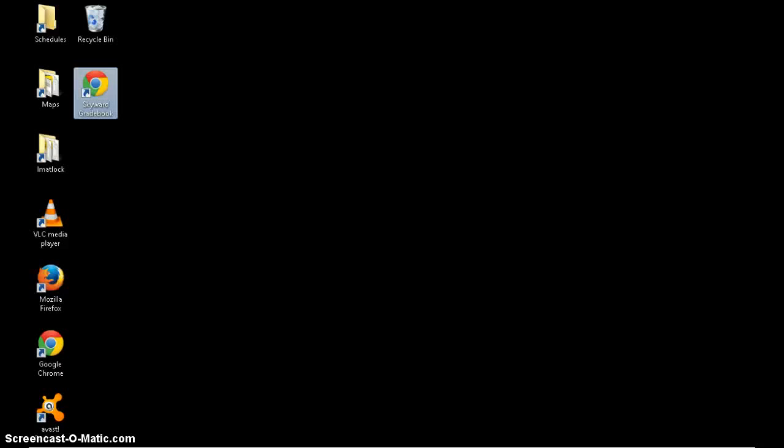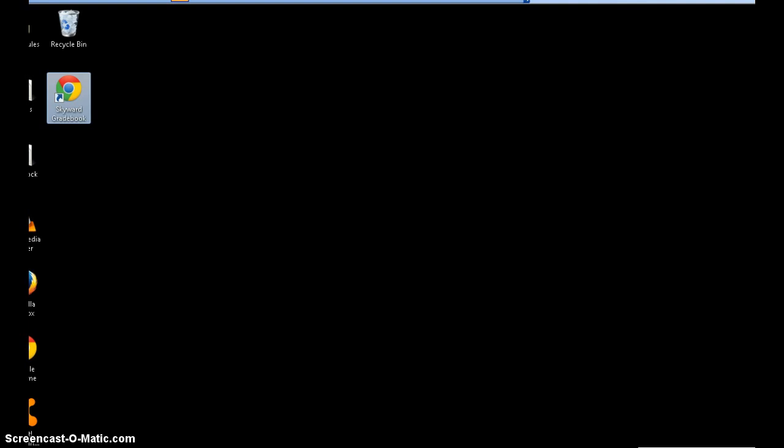When you update programs in Windows 7 your computer is going to act a little bit differently. So I'm going to go over to the bottom right hand corner of my screen and click on this arrow to show hidden icons.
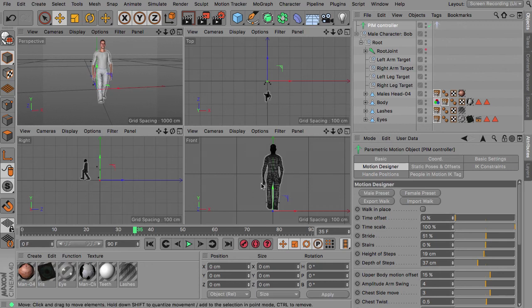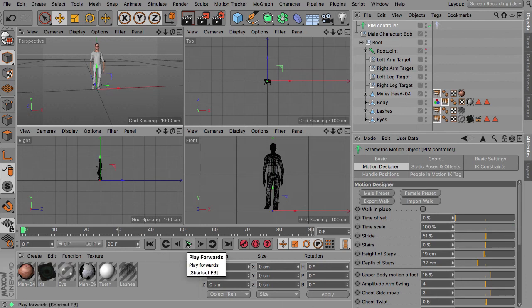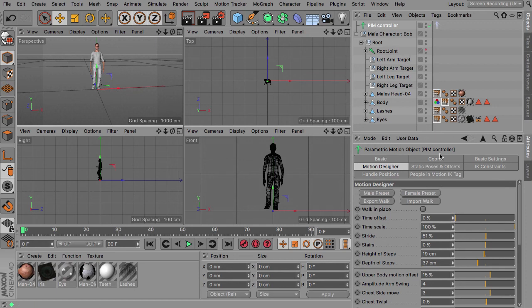That's basically how to bind the People Motion 1 version of the characters to the new People Motion 2 controller.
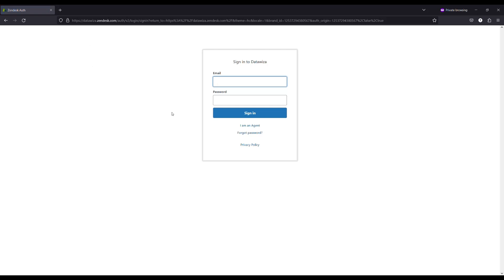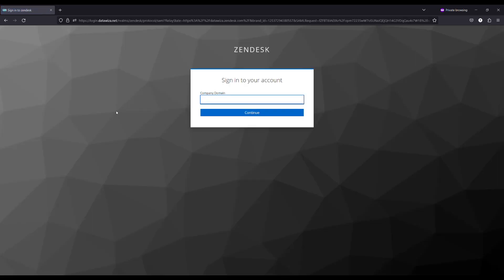Now let's try to login again with another IDP. Input a different domain hint, for example Acme, then it will redirect to the Okta login page.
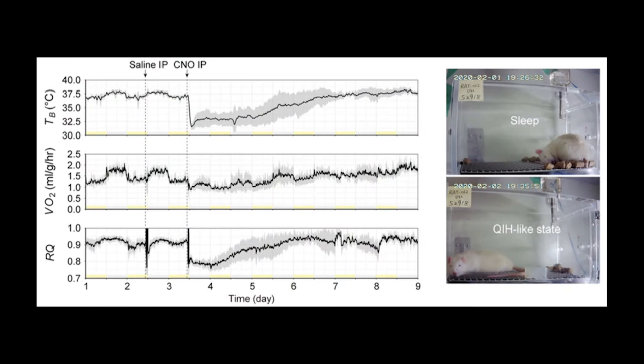What is even more spectacular is that the same researchers could induce QIH in rats, a species that does not exhibit any hibernation or torpor-like behaviour. This is a big step forward in trying to understand hibernation and the processes involved. It also suggests that these processes, even though they might not be used, are conserved across mammals. Further research is required to understand this further, and especially the mechanisms involved.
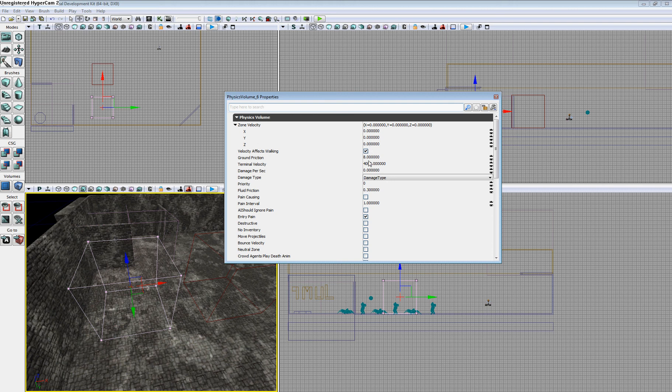You can also change the ground friction, the terminal velocity, which is the maximum speed an object will have in that volume.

How to complete this task:
Only the lines from the one with "What is even" through the end of the data, both ends included, should be written out exactly, and no pictures should appear.

Task response:
What is even more spectacular is that the same researchers could induce QIH in rats, a species that does not exhibit any hibernation or torpor-like behaviour. This is a big step forward in trying to understand hibernation and the processes involved. It also suggests that these processes, even though they might not be used, are conserved across mammals. Further research is required to understand this further, and especially the mechanisms involved.
You can also change the ground friction, the terminal velocity, which is the maximum speed an object will have in that volume.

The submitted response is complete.